• Your goal: Which lines below fall between the one containing "Om Yoga Lotus" and the one containing "Foto 8127991"? Repeat them exactly, counting both of those lines, and add nothing else.
BEGIN Provided entries
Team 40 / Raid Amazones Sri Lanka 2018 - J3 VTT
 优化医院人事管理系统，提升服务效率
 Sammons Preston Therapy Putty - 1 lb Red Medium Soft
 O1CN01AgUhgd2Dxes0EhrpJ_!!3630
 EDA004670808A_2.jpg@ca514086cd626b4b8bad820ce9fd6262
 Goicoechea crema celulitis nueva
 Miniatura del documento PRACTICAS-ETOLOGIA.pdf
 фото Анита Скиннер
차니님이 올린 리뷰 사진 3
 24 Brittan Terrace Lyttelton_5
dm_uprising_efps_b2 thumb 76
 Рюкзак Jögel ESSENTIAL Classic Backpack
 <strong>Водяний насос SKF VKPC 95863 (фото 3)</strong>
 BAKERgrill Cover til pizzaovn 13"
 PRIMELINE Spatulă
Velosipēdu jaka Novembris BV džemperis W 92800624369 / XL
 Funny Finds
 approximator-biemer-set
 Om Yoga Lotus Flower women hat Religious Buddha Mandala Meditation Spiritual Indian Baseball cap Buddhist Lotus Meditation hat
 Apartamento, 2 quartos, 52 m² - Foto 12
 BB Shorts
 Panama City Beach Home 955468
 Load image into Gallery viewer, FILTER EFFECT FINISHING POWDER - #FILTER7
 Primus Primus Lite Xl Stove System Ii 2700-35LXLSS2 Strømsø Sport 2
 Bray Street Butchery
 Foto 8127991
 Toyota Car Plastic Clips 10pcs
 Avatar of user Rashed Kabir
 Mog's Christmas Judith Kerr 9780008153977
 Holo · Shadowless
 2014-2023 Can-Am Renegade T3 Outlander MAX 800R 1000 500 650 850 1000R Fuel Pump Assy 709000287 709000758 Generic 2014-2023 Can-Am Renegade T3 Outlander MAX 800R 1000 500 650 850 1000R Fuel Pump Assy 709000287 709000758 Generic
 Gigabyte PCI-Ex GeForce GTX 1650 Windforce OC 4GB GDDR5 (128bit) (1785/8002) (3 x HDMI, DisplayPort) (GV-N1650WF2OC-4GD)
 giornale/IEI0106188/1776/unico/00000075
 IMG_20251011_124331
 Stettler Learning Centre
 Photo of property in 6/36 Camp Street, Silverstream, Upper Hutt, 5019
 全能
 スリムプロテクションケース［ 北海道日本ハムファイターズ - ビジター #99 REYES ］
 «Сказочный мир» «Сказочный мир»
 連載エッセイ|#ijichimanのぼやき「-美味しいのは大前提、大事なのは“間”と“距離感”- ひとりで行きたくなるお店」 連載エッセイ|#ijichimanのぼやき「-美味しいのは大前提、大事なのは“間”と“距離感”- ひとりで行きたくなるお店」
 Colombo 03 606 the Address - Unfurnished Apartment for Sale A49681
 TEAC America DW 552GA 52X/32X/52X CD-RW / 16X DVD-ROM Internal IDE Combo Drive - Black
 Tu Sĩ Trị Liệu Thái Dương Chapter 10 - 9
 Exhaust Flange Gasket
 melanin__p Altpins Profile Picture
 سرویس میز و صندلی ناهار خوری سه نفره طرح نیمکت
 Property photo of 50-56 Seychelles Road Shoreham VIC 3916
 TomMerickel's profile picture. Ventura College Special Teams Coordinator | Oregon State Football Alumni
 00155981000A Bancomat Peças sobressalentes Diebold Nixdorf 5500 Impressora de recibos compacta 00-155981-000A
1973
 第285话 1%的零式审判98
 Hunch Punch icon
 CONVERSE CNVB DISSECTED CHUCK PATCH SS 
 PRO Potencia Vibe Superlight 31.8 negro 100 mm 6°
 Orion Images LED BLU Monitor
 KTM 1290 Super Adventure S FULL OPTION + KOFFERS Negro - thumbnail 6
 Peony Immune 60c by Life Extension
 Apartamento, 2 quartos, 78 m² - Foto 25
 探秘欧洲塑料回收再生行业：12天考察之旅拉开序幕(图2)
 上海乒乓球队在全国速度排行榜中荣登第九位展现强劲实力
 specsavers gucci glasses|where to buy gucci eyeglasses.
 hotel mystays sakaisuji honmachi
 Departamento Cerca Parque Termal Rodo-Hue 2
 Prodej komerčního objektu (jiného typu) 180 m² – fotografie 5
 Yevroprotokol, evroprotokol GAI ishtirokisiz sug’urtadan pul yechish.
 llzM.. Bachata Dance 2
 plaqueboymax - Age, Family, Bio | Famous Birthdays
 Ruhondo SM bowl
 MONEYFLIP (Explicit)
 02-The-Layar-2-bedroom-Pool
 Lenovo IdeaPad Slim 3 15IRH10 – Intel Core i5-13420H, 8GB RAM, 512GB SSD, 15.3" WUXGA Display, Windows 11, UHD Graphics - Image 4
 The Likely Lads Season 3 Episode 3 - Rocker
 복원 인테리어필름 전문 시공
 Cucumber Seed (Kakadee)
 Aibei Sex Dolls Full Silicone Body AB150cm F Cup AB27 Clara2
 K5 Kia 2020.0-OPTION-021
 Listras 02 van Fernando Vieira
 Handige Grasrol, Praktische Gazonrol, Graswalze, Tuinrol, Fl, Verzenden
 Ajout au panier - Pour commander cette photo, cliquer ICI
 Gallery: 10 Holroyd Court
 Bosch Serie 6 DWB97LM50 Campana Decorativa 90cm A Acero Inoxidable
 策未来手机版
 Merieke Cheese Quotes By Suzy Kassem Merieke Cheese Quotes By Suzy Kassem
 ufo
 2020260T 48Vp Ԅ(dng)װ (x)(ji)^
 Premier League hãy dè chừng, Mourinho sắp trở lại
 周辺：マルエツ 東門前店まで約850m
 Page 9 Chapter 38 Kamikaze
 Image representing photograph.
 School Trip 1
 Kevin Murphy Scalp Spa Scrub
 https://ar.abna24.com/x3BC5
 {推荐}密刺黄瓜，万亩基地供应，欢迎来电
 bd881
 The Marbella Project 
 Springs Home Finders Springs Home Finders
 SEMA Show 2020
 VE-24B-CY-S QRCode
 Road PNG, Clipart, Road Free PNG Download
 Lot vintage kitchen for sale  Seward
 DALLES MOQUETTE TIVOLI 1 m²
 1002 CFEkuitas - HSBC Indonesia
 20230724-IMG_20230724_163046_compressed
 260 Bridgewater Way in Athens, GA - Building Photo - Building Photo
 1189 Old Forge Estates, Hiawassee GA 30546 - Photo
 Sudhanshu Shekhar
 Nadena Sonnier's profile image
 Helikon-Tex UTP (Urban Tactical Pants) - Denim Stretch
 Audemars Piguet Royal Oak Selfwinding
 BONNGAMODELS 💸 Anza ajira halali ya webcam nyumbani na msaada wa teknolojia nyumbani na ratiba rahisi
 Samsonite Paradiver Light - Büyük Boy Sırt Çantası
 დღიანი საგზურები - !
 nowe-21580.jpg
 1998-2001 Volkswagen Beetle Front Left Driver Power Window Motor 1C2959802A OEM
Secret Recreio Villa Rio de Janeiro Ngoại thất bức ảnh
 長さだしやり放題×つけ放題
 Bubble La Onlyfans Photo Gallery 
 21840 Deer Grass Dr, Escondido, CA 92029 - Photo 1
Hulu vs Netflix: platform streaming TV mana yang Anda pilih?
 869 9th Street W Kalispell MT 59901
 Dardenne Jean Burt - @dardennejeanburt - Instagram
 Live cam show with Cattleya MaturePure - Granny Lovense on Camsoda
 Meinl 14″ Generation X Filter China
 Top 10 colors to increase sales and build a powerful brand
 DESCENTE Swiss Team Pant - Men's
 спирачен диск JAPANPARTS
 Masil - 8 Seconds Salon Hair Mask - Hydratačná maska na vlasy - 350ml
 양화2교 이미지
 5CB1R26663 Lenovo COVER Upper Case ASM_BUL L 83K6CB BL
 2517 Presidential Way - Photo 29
END Provided entries
• Written response:
 Om Yoga Lotus Flower women hat Religious Buddha Mandala Meditation Spiritual Indian Baseball cap Buddhist Lotus Meditation hat
 Apartamento, 2 quartos, 52 m² - Foto 12
 BB Shorts
 Panama City Beach Home 955468
 Load image into Gallery viewer, FILTER EFFECT FINISHING POWDER - #FILTER7
 Primus Primus Lite Xl Stove System Ii 2700-35LXLSS2 Strømsø Sport 2
 Bray Street Butchery
 Foto 8127991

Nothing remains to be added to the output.